Er hats auch schon weniger cool gesehen, weil Fussball nicht immer nur ein Spiel ist. Wie 2003 im U21-Länderspiel gegen Tschechien. Wölfli stand im Tor. Es kam zum Penaltyschiessen, zur Entscheidung, welches der beiden Teams an die nächste EM fahren kann. Der Schweizer Schwegler traf bei seinem ersten Penalty nur den Pfosten. Wölfli war «geladen». Er wollte den ersten Penalty der Tschechen unbedingt halten.

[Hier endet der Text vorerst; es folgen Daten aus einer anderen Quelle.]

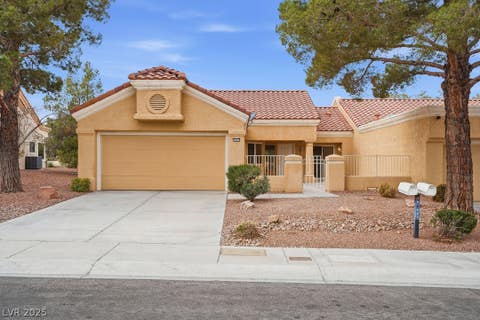Homes For Sale - 2501 Showcase Drive<br/> Las Vegas, NV 89134
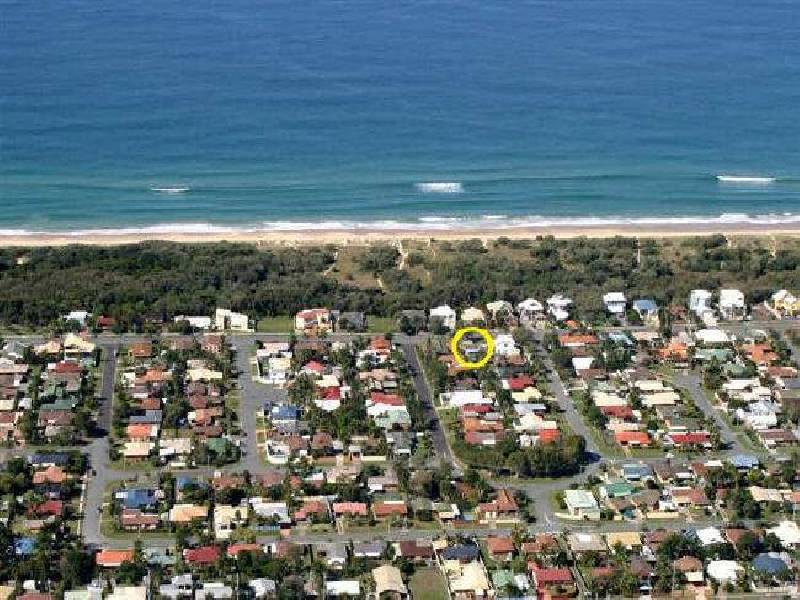 118 Oceanic Drive, Warana QLD 4575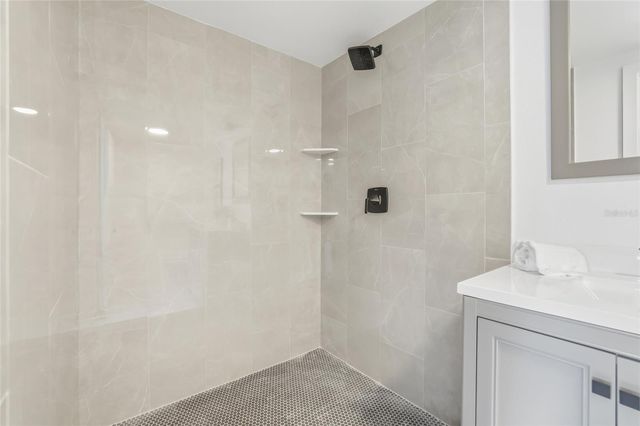 4095 LOCUST STREET NE, St Petersburg, FL 33703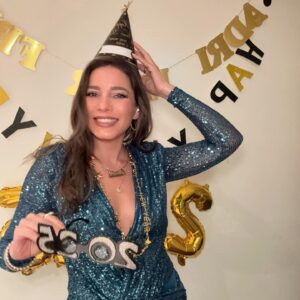 Adriana Fonseca Instagram - Primer post del año, deseándoles lo mas bonito!
______
Cosas que nos reten a sacar lo mejor de nosotros, compasión, amor, prosperidad compartida y larga vida con salud! 

First post of the year, wishing you all the most beautiful things! Challenges that inspire us to bring out our best, compassion, love, shared prosperity, and a long life filled with health!
.
.
#newyear #lifestyle #cute #fashion #latina #LA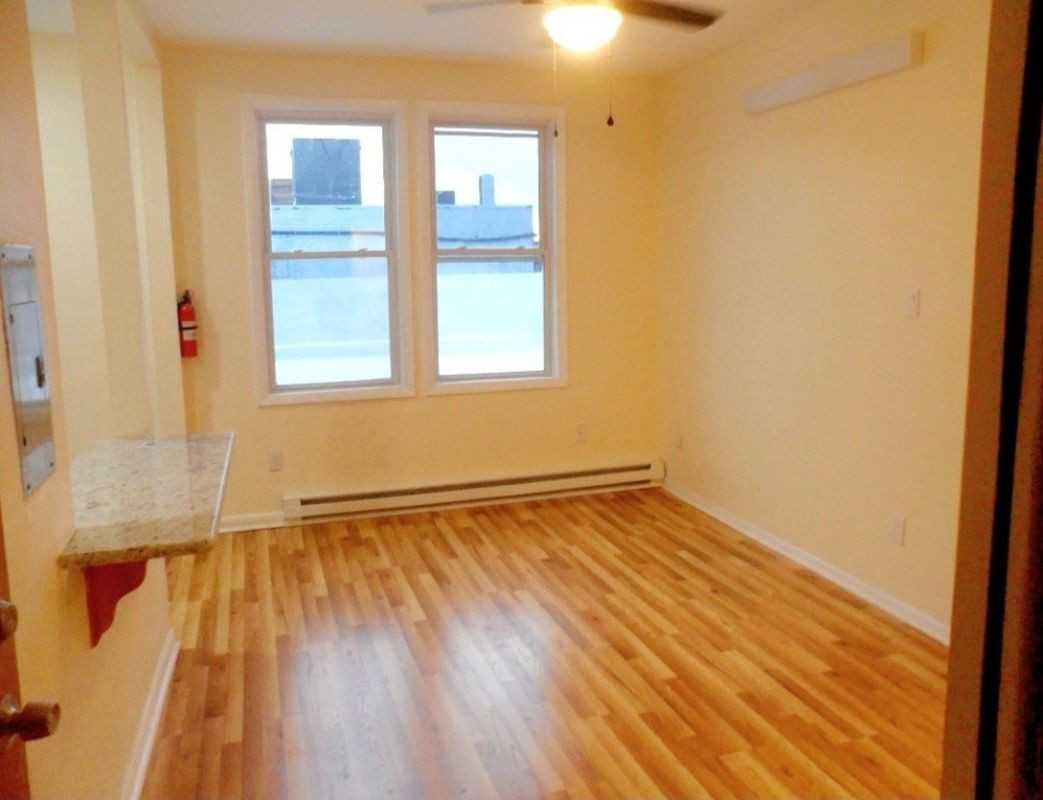 3801 Atlantic Ave - Photo 5 of 13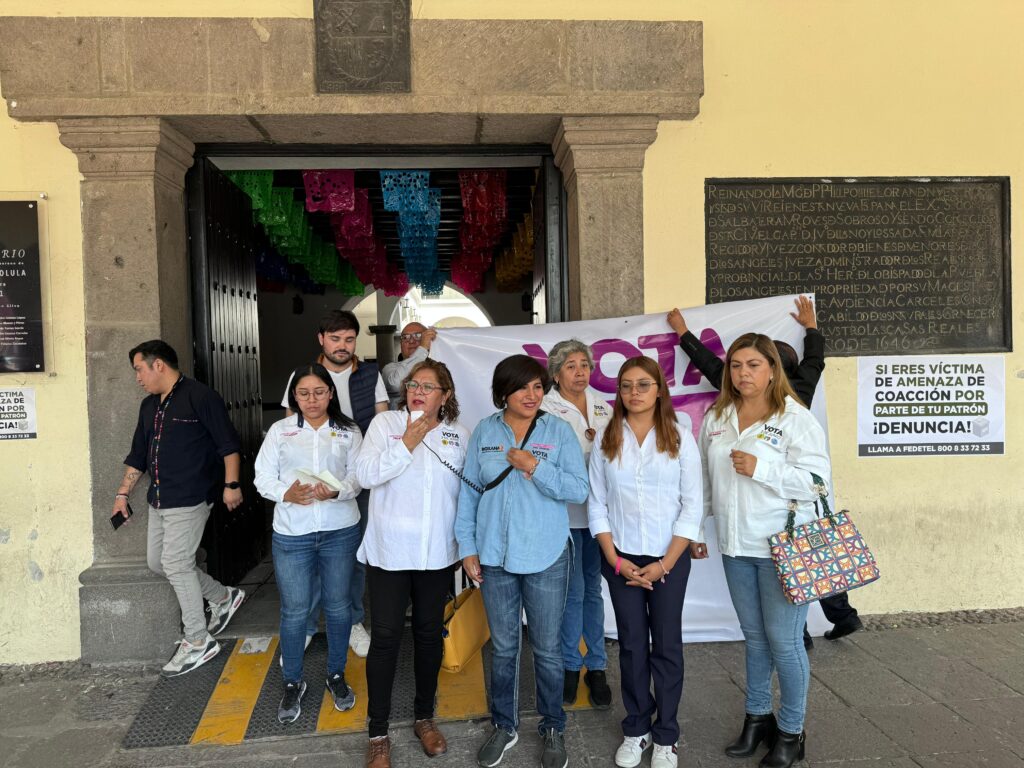 No dejarse intimidar y votar libremente, pide Roxana Luna a trabajadores del ayuntamiento de San Pedro Cholula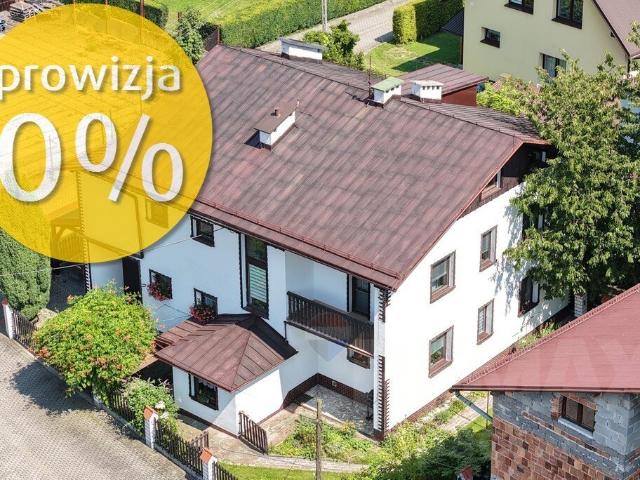 Dom, Ustroń, Jesionowa, 250.00 m², sprzedam dom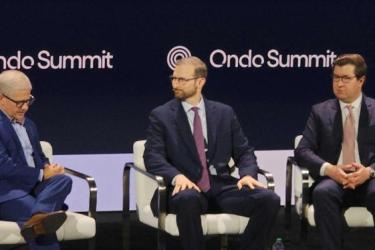 特朗普顾问称白宫不会接受针对总统的加密立法条款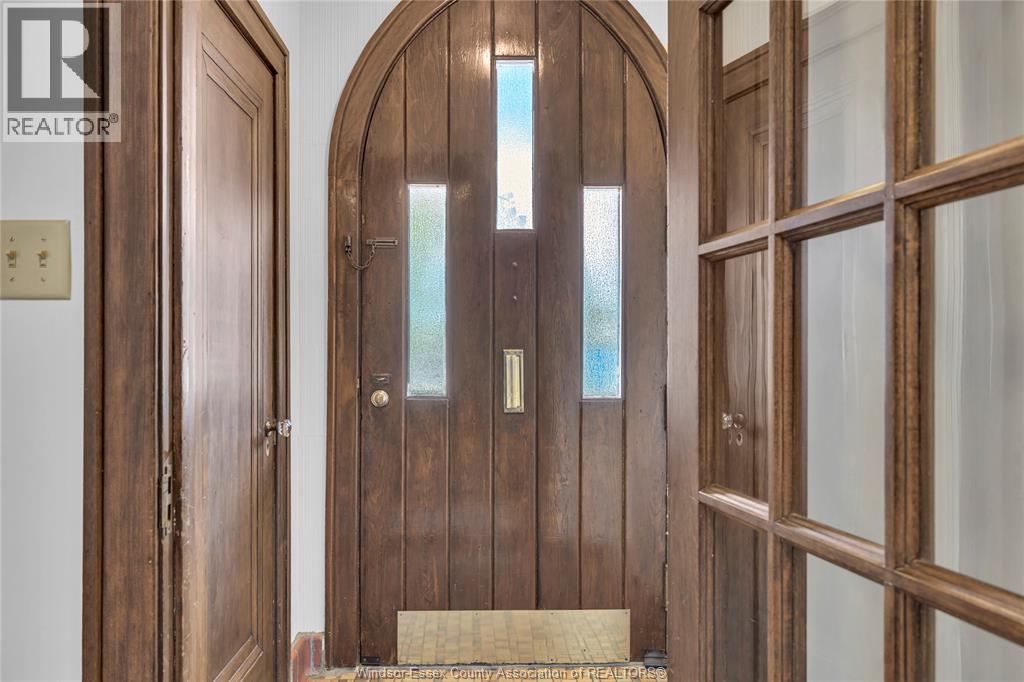 Photo 30 of 2195 Kildare Road, Windsor ON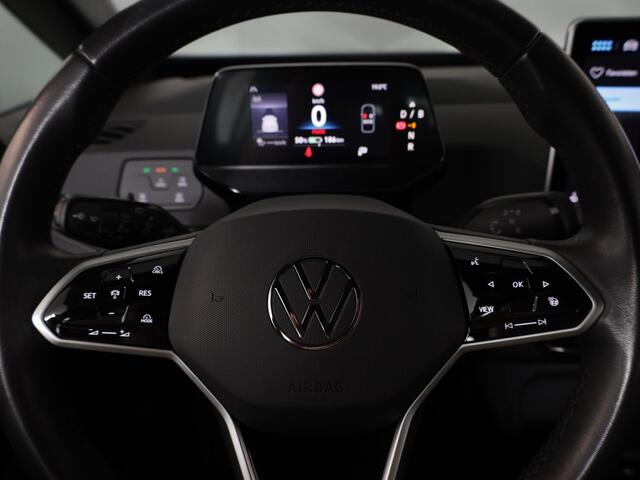 Volkswagen ID.3 Pure Oranje Edition 52 kWh 170 pk | Navigatie | Parkeersensoren | Adaptieve cruise control | Autom. airco | Stoel/stuur verwarming |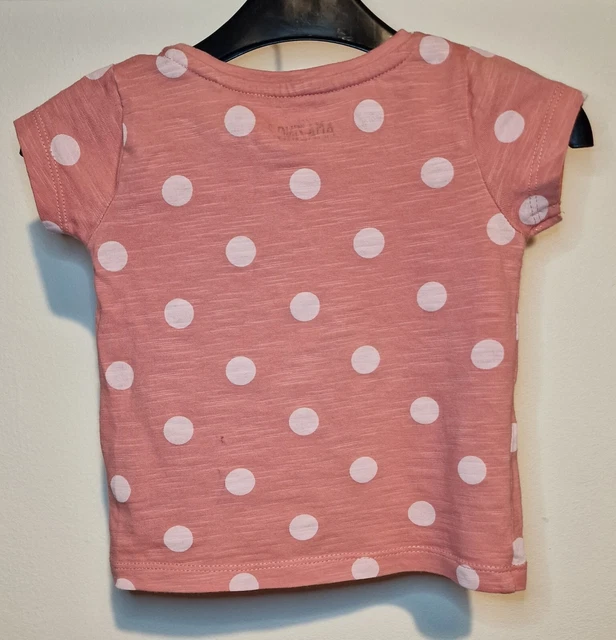 Avanti. Pacchetto vestiti per bambine età 6-9 mesi. Usato. Condizioni perfette. 4 pezzi. 9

Er hielt den Schuss von Sverkos. «Dann habe ich diesem Spieler alles an den Kopf geworfen, der ganze Druck hat sich entladen.» Die Schweiz kam weiter. «Jetzt feiern sie alle den Wolf im Schafspelz», sagte TV-Kommentator Sascha Ruefer nach dem Spiel. Wölfli lächelt heute entschuldigend über seinen einstigen Ausrutscher.

Oli Kahn bewundert er, weil dieser einen enormen Willen hat. Wie Wölfli. Bereits als 20-Jähriger spielte das Talent in der Super League. Nach den Trainings mit dem Klub stemmte er Hanteln, trainierte Flankenbälle. Nach jedem Spiel schaute er sich seine Aktionen auf der Videoaufzeichnung an. Dies tut er heute noch. Den Erfolg hat er sich hart erarbeitet. «Es ist auch ein Glück, diesen Beruf ausüben zu können. Viele vergessens.» Schulterzuckend fügt er an: «Isch doch so?» Sagts im Solothurnerdialekt und betonts irgendwie italienisch. Seine Mutter ist Sizilianerin, mit ihr spricht Wölfli nur italienisch.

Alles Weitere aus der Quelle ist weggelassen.